YOUR ASSIGNMENT: Where the data below begins, start duplicating lines exactly, and finish with the line containing "2012 Jeep Wrangler Unlimited Sahara"; add nothing else. Leave the pictures out.

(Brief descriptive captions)
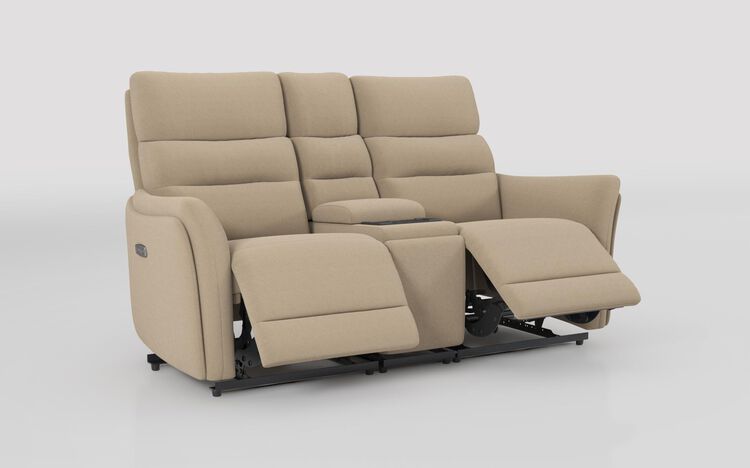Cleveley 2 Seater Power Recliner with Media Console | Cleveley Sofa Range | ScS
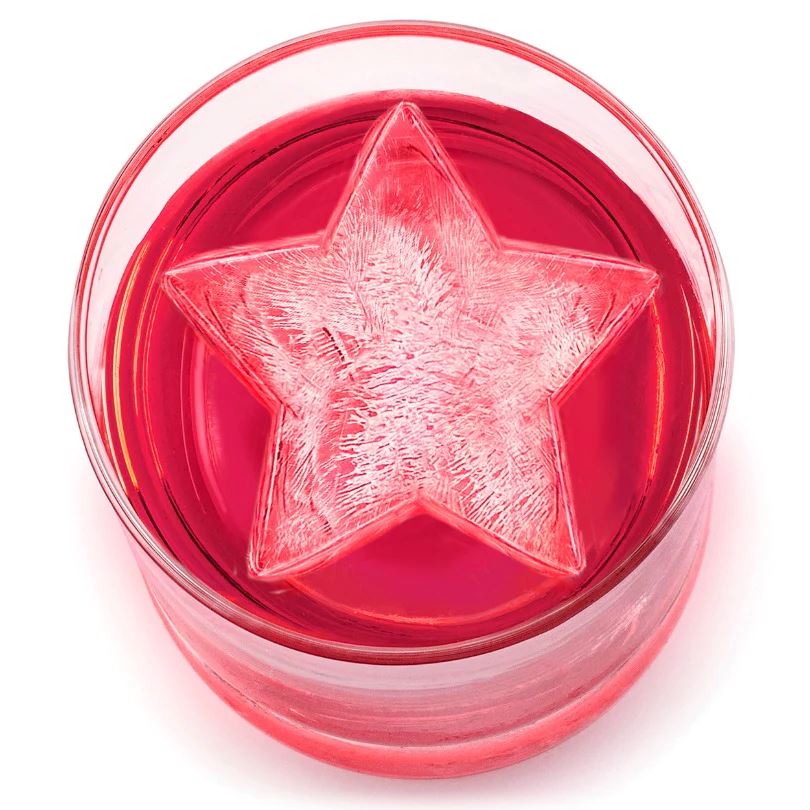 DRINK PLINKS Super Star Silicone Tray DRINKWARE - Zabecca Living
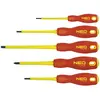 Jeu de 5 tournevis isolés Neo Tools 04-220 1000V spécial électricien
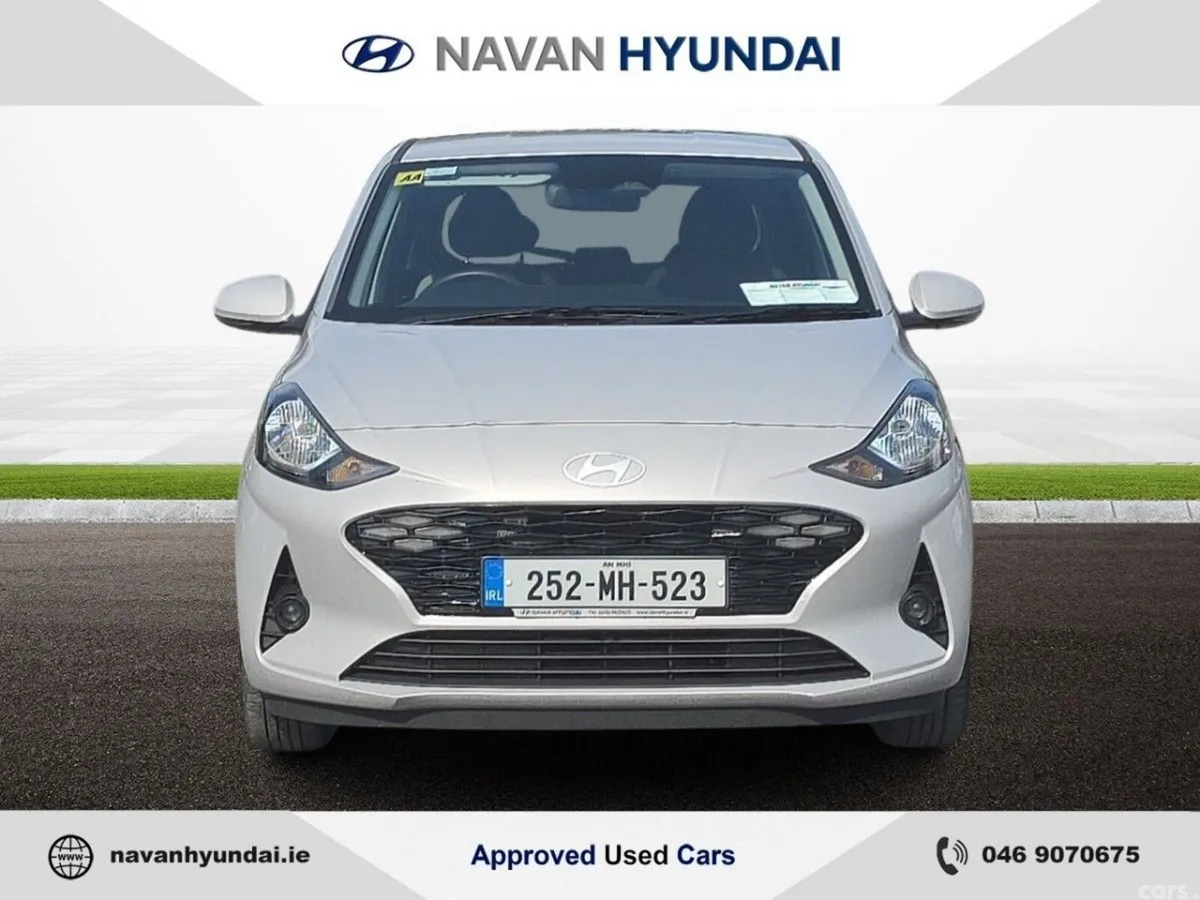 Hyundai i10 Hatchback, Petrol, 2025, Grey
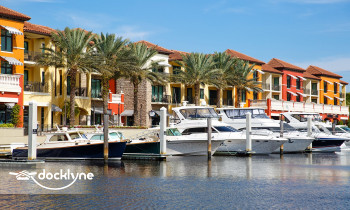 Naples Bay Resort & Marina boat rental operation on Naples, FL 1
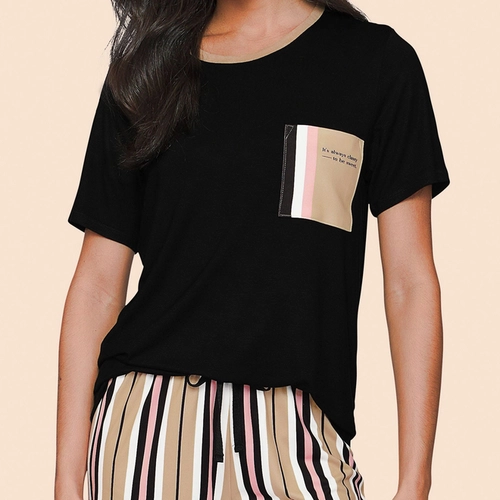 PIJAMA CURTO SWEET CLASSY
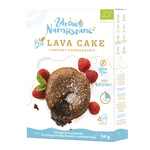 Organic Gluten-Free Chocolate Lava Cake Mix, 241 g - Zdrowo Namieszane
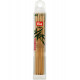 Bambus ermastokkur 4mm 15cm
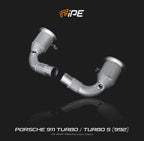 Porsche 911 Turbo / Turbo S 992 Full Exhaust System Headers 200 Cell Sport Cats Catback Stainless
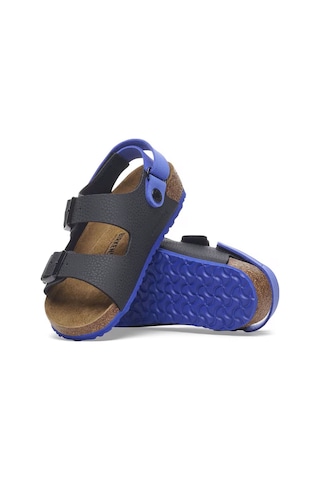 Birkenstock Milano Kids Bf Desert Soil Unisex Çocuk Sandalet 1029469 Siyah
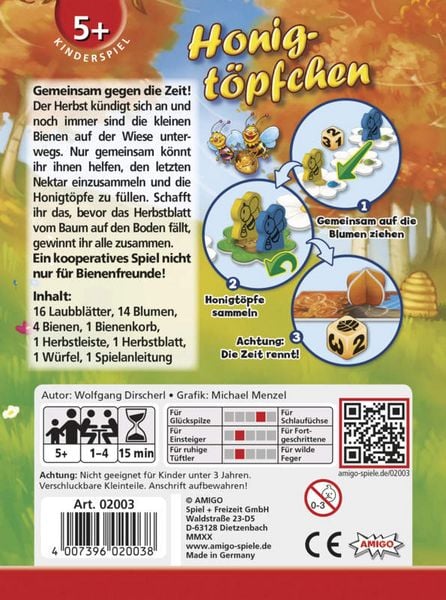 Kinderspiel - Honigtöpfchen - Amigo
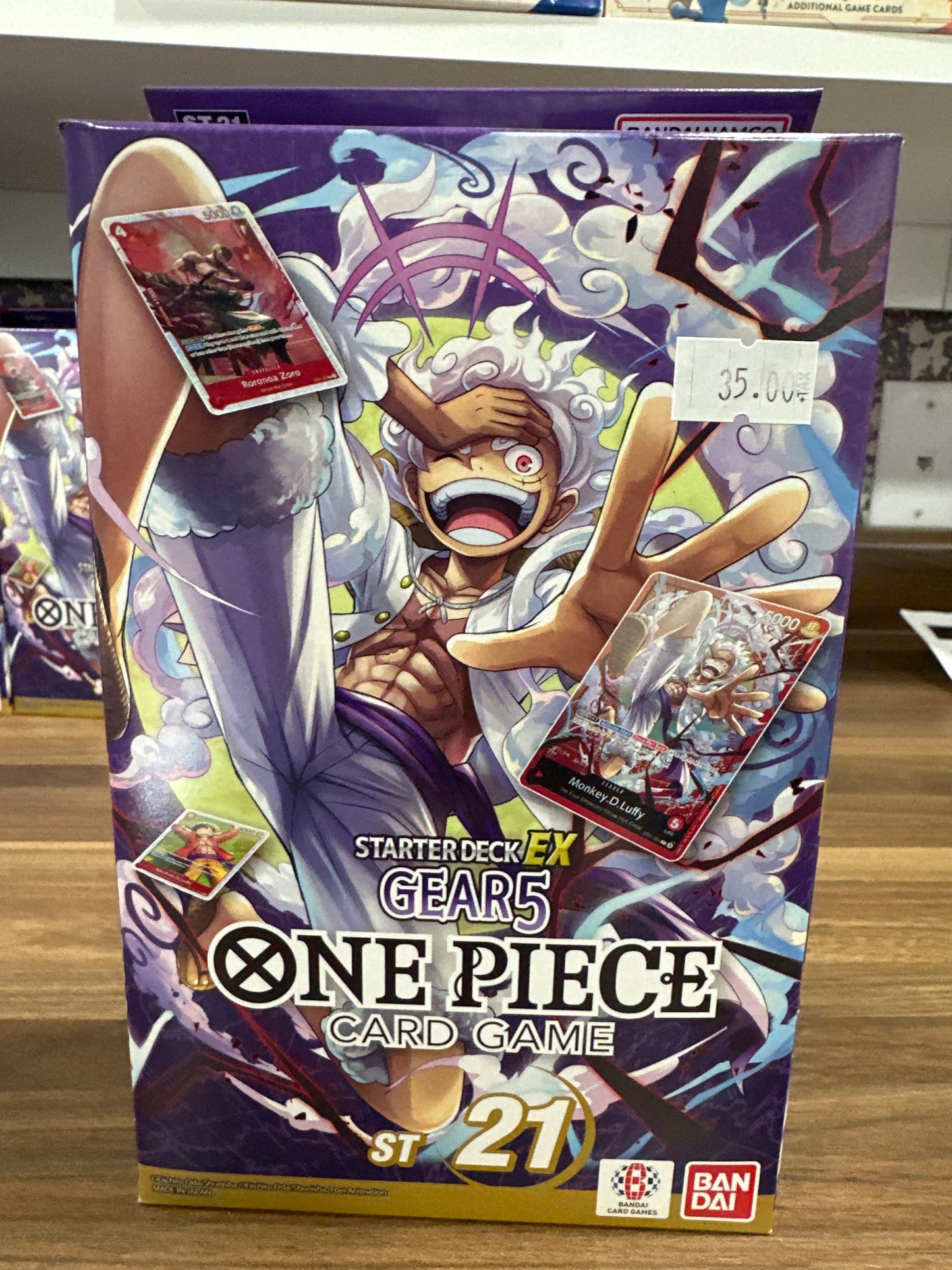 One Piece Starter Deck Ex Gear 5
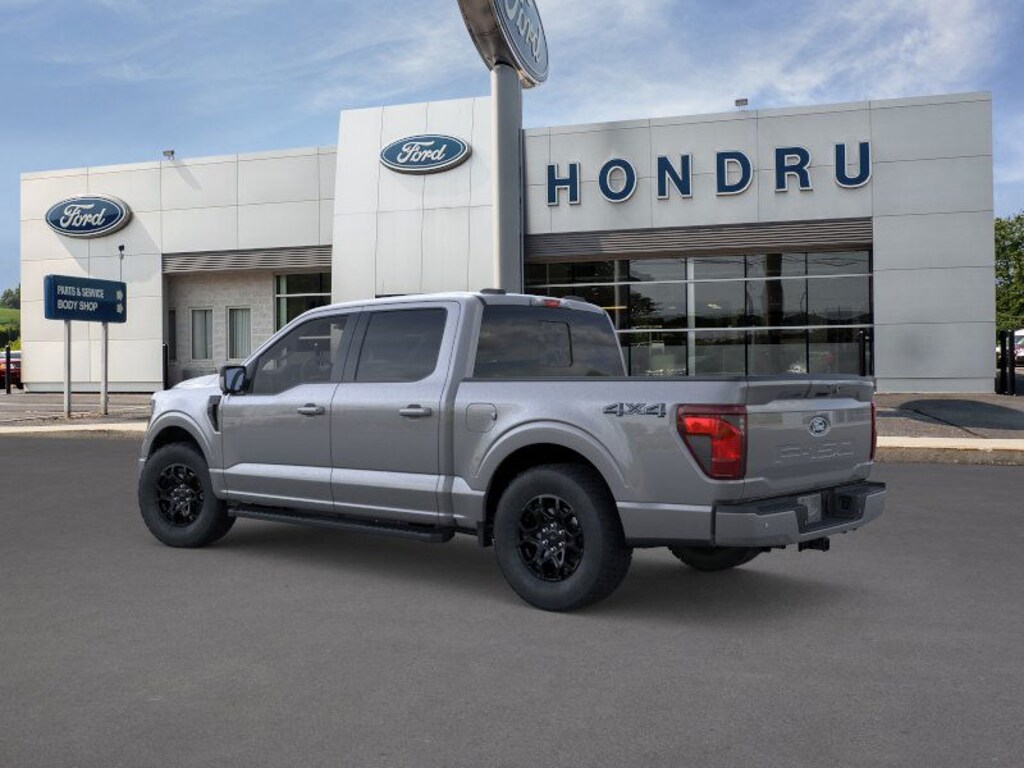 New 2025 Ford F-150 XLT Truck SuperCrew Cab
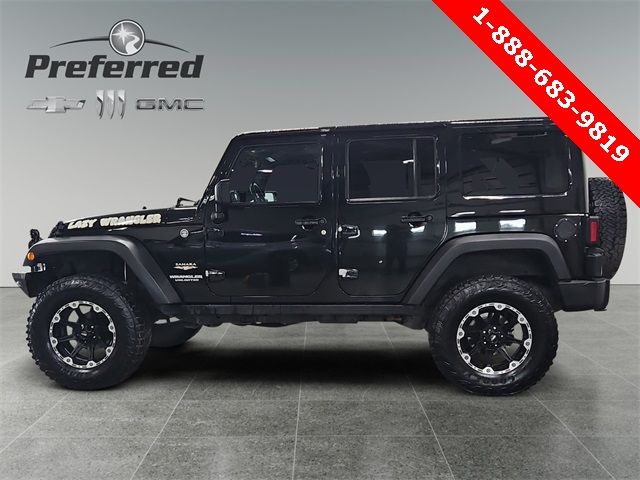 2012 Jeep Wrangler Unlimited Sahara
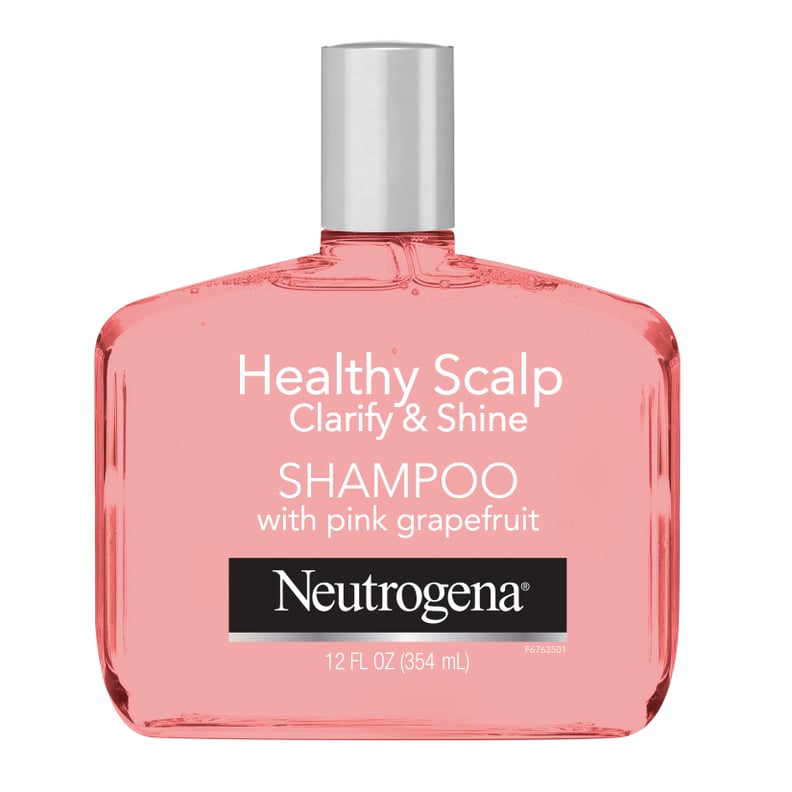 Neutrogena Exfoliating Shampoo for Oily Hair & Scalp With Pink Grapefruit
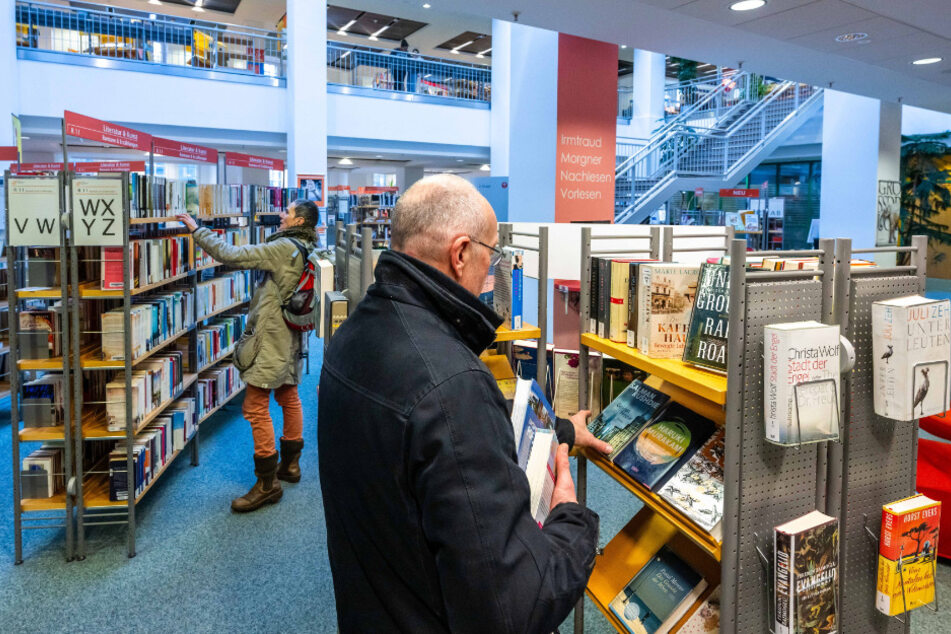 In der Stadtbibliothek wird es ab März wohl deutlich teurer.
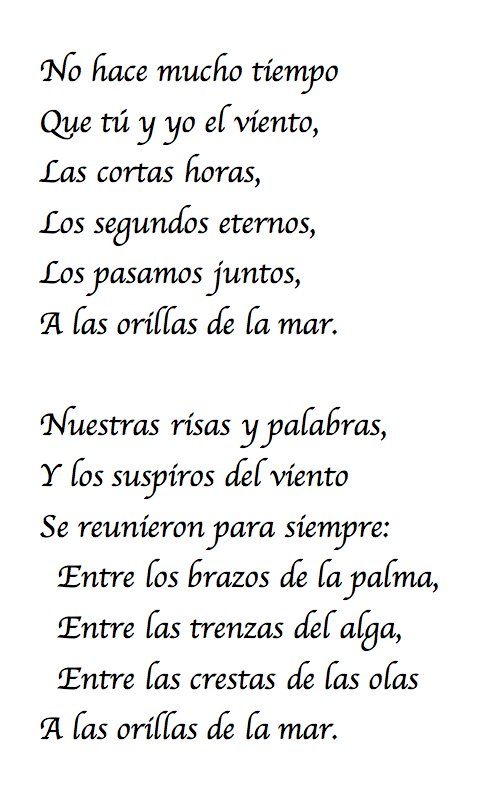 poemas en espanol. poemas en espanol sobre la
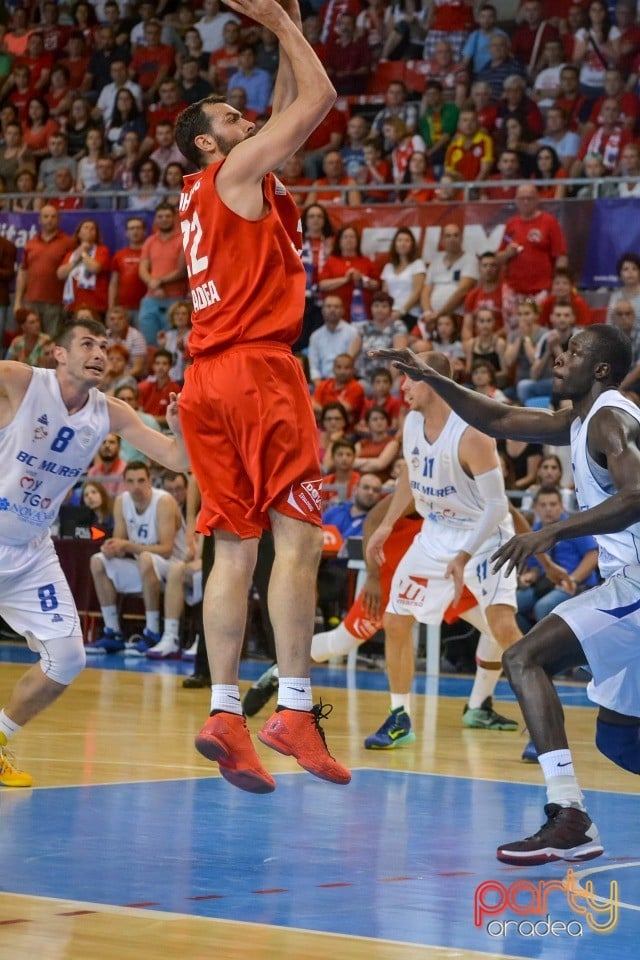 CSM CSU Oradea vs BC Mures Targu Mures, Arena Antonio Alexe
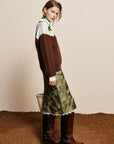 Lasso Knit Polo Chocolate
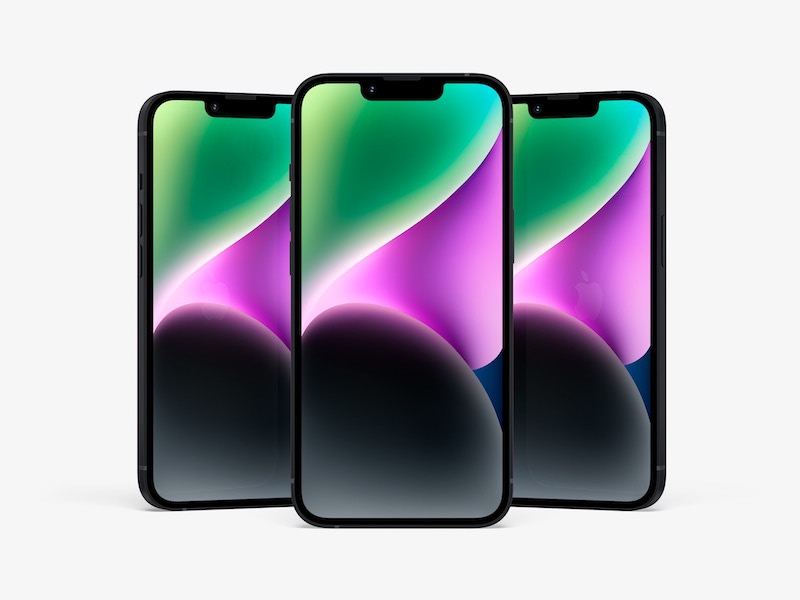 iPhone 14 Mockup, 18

RESULT:
Cleveley 2 Seater Power Recliner with Media Console | Cleveley Sofa Range | ScS
 DRINK PLINKS Super Star Silicone Tray DRINKWARE - Zabecca Living
 Jeu de 5 tournevis isolés Neo Tools 04-220 1000V spécial électricien
 Hyundai i10 Hatchback, Petrol, 2025, Grey
 Naples Bay Resort & Marina boat rental operation on Naples, FL 1
 PIJAMA CURTO SWEET CLASSY
 Organic Gluten-Free Chocolate Lava Cake Mix, 241 g - Zdrowo Namieszane
 Bambus ermastokkur 4mm 15cm
 Porsche 911 Turbo / Turbo S 992 Full Exhaust System Headers 200 Cell Sport Cats Catback Stainless
 Birkenstock Milano Kids Bf Desert Soil Unisex Çocuk Sandalet 1029469 Siyah
 Kinderspiel - Honigtöpfchen - Amigo
 One Piece Starter Deck Ex Gear 5
 New 2025 Ford F-150 XLT Truck SuperCrew Cab
 2012 Jeep Wrangler Unlimited Sahara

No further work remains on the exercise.